Today, I spent the day with old friends and their family (because of who they are and how they love actually feels like my family)! We were there to celebrate the 25 th wedding anniversary of Mark and Denise…..Denise wearing black shirt.
The four of us are seldom all together but when we are, we fall back into rhythm and finish sentences we started last time we were together! I also snapped pics from their video of He and I at the wedding 25 years ago.
I’m proud to say I’m the one wearing the green dress with the large white bow in my hair 👀….. which begs an answer to the question…why did we wear big bows in our hair?
As an only child and only niece … actually the only child born to two sisters from the teens of the 1900s…. I inherited everything. Almost 9 years since my mother and aunt passed, I’m still sorting and sorting, storing and donating and then doing it all again the next time I start feeling overwhelmed with the amount of stuff I have. Today, I went through silverware…some of it I grew up with either at home or my aunts….and I’m sure most of it was handed down from their childhood….and I have a set of silverware from his mother….and I have silverware that I actually purchased for us that my kids grew up with. That paragraph does not EVEN include the good silverware that I keep in velvet lined boxes and bring out for large family meals. Ya. I still do that. Setting a beautiful table is part of my DNA.
Going through all of the silverware today….hahaha….pictures to follow. I remembered this pattern and that pattern used during my life. My heart felt especially warm when I found the old ice tea spoons that we used for years before we got the new ice tea spoons.
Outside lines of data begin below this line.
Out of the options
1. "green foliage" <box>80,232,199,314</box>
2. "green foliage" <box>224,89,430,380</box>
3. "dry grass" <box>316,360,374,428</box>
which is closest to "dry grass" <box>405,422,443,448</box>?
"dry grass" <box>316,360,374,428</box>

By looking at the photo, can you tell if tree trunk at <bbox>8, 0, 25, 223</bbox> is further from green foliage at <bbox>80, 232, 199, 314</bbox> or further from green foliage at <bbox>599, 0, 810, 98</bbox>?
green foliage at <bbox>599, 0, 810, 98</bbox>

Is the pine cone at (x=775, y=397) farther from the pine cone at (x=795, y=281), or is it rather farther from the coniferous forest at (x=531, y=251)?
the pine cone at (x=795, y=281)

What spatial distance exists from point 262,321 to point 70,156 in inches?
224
The new ones are at least 40 years old.
Here we go:
Just the serving spoons I continue to keep
The daily silverware that goes back in the silverware drawer…
The collection still laying on the bedroom floor
And the forks I bought at Goodwill one year….there used to be 4. These are mine…everyone knows it.
And for some reason that spoon is my favorite. No idea where it came from. Kind of the bastard spoon. It’s always the one I use if it isn’t dirty.